RECORDS FOR THIS EXERCISE:
= = = = = = =
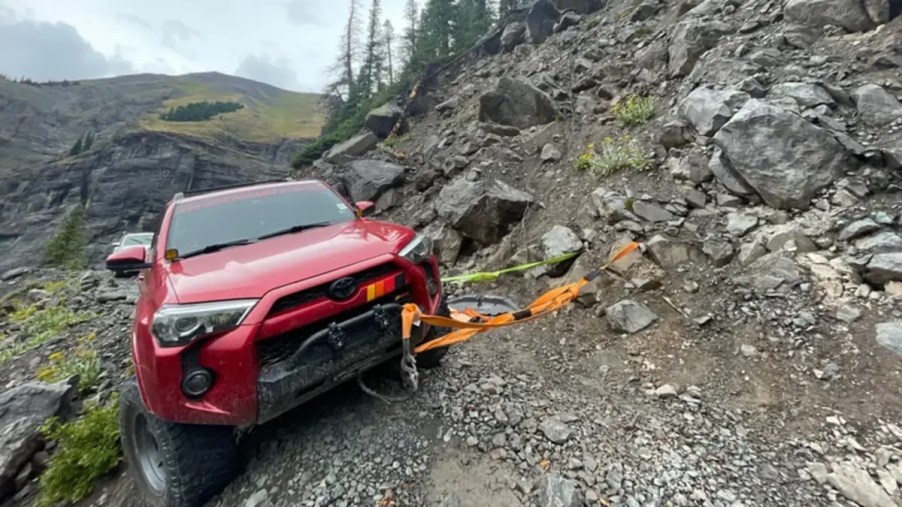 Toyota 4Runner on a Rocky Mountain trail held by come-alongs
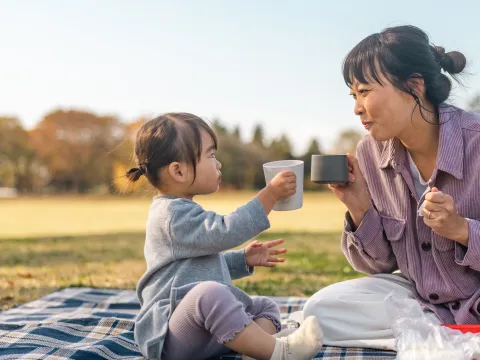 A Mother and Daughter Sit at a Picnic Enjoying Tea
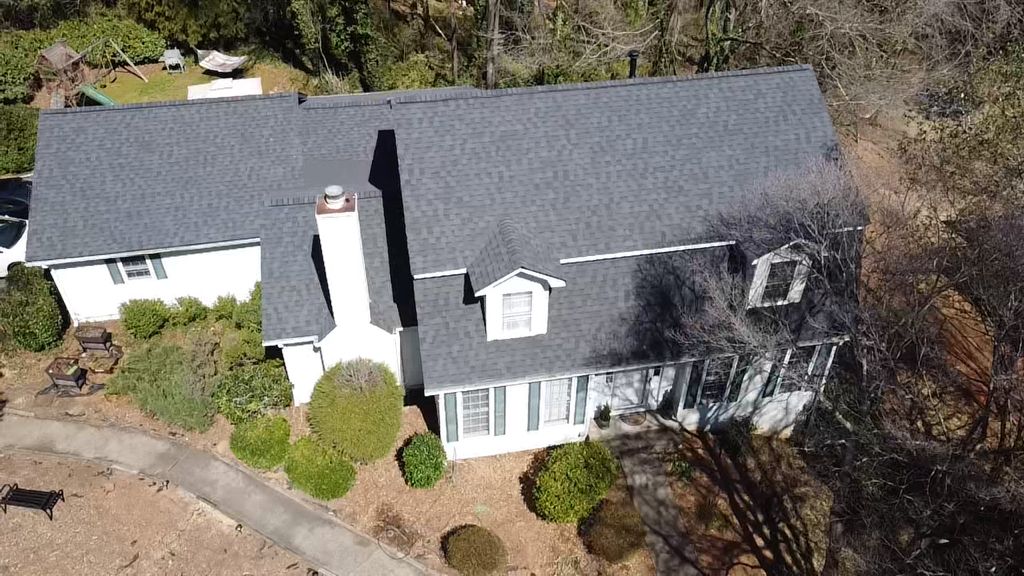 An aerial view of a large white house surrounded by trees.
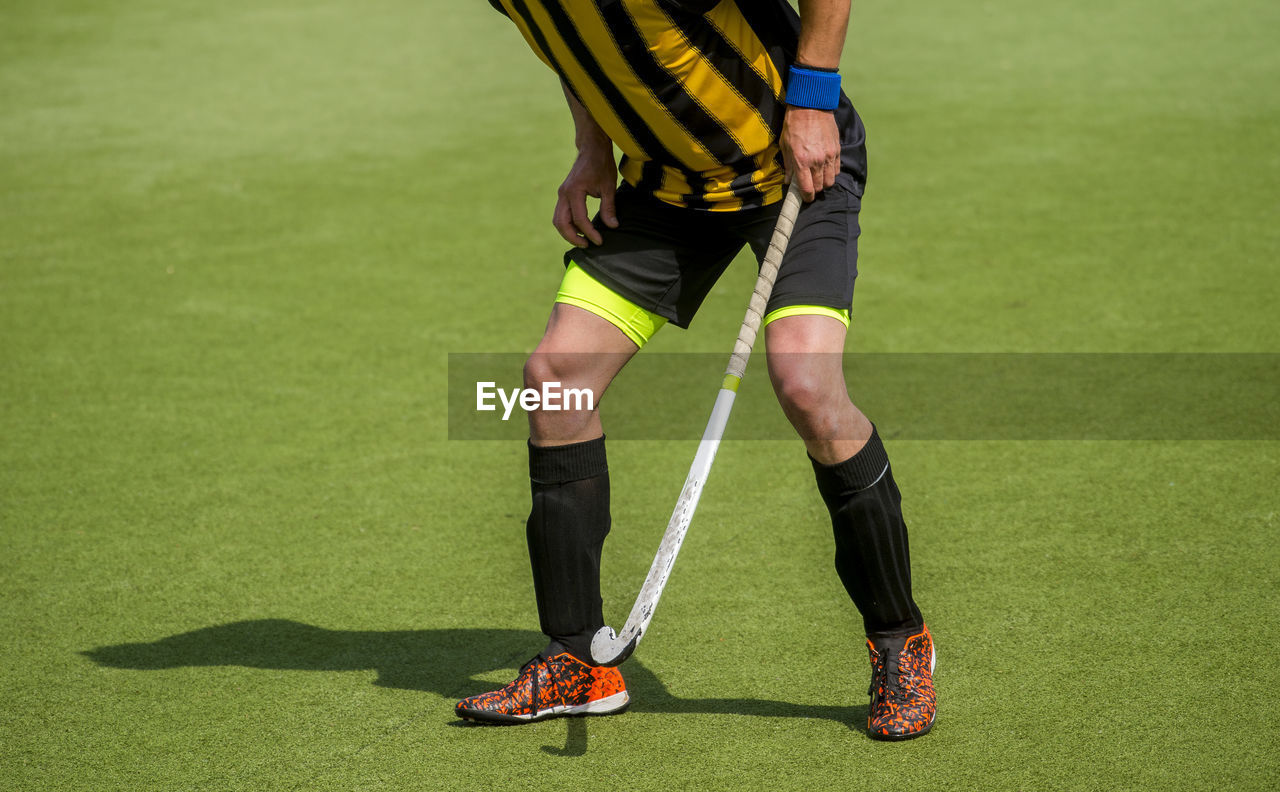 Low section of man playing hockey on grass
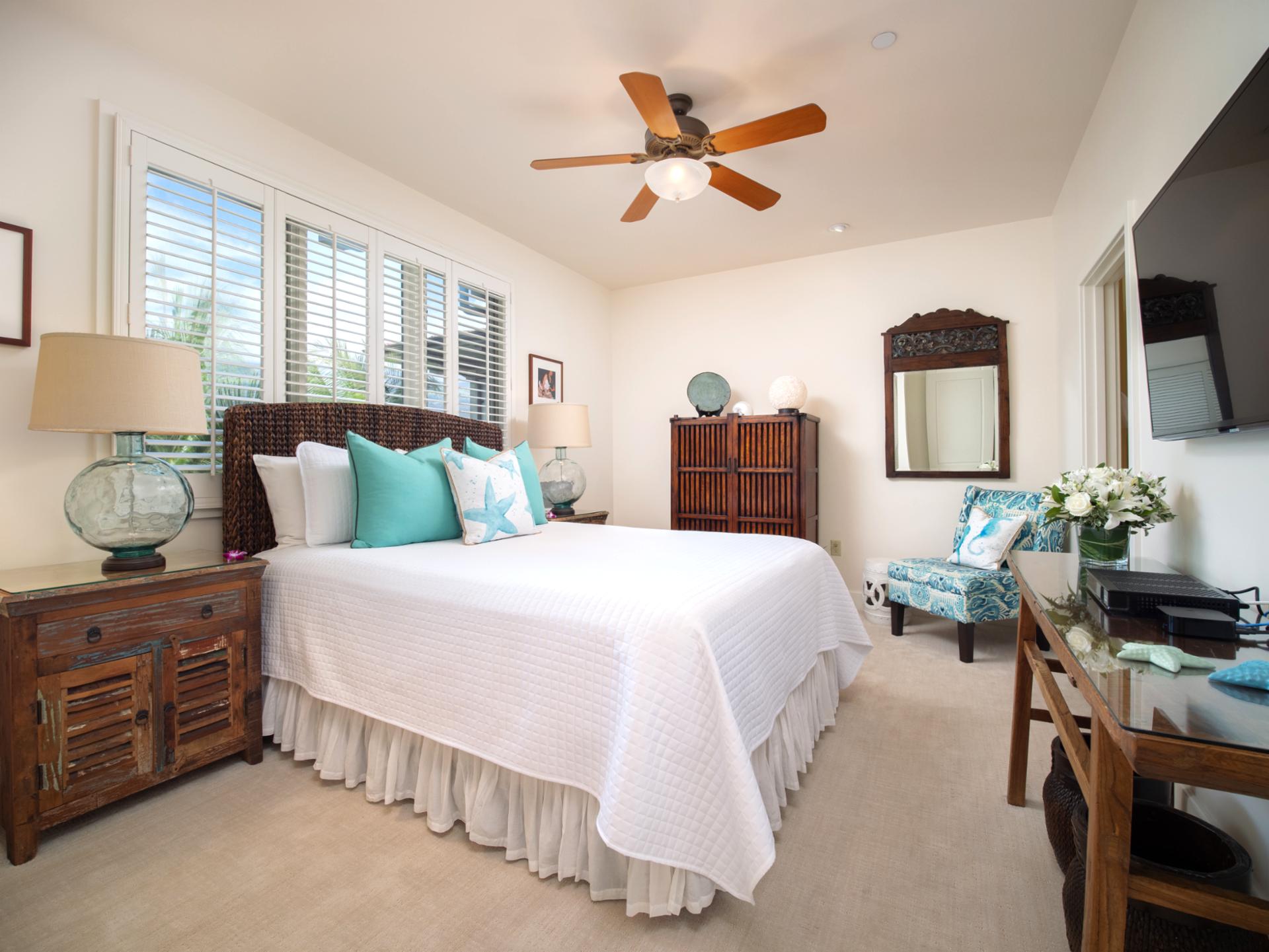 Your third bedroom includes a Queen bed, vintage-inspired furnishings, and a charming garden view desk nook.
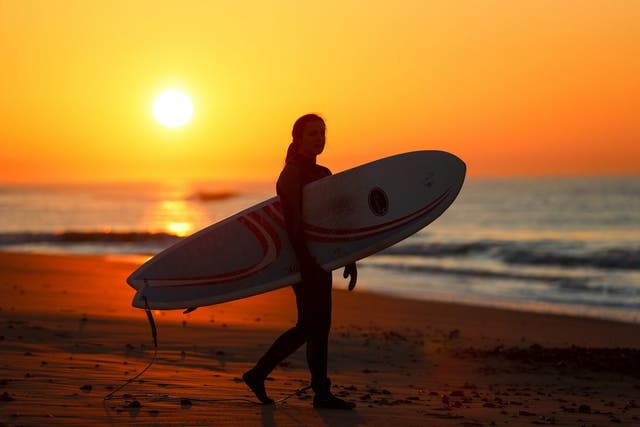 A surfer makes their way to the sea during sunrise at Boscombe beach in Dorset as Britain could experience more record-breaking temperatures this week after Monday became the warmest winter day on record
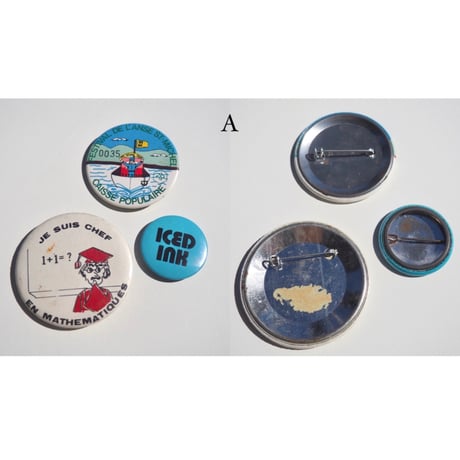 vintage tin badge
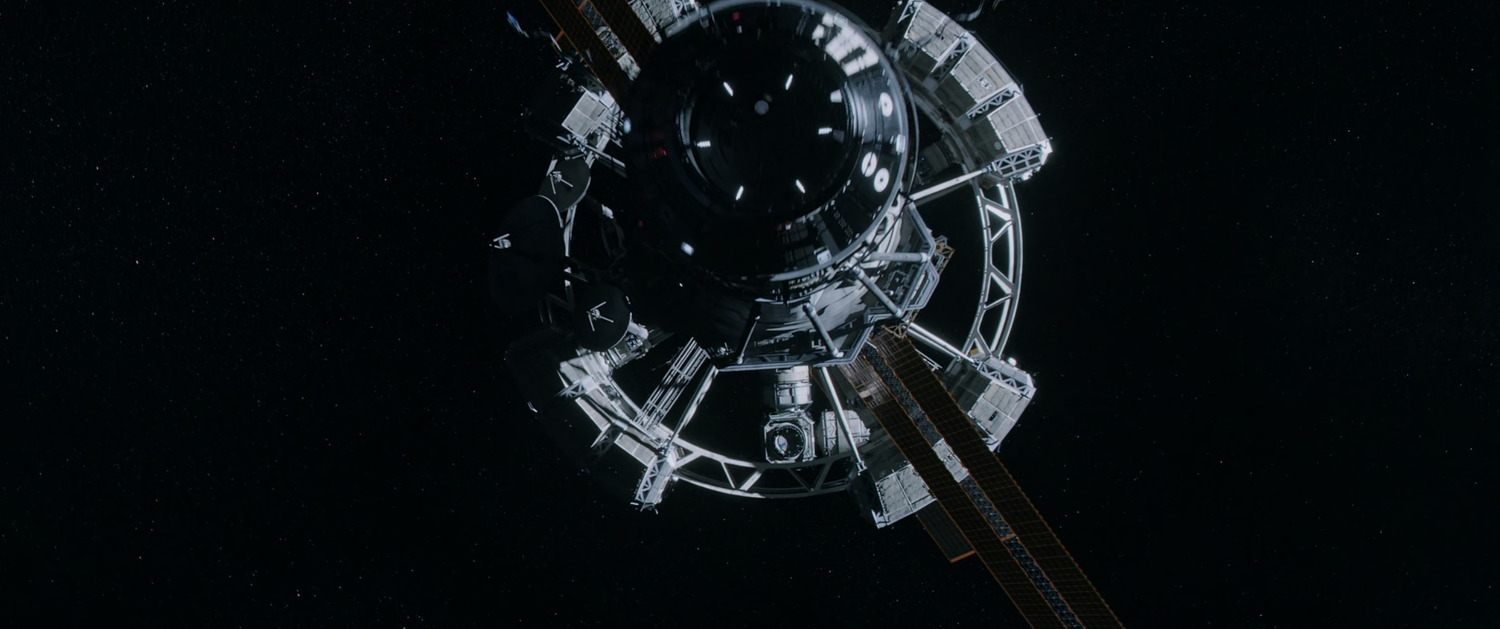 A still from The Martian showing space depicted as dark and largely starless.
= = = = = = =
Restate the listing above word for word, and skip the pictures.

SOLUTION FOR THIS TASK:
 Toyota 4Runner on a Rocky Mountain trail held by come-alongs
 A Mother and Daughter Sit at a Picnic Enjoying Tea
 An aerial view of a large white house surrounded by trees.
 Low section of man playing hockey on grass
 Your third bedroom includes a Queen bed, vintage-inspired furnishings, and a charming garden view desk nook.
 A surfer makes their way to the sea during sunrise at Boscombe beach in Dorset as Britain could experience more record-breaking temperatures this week after Monday became the warmest winter day on record
 vintage tin badge
 A still from The Martian showing space depicted as dark and largely starless.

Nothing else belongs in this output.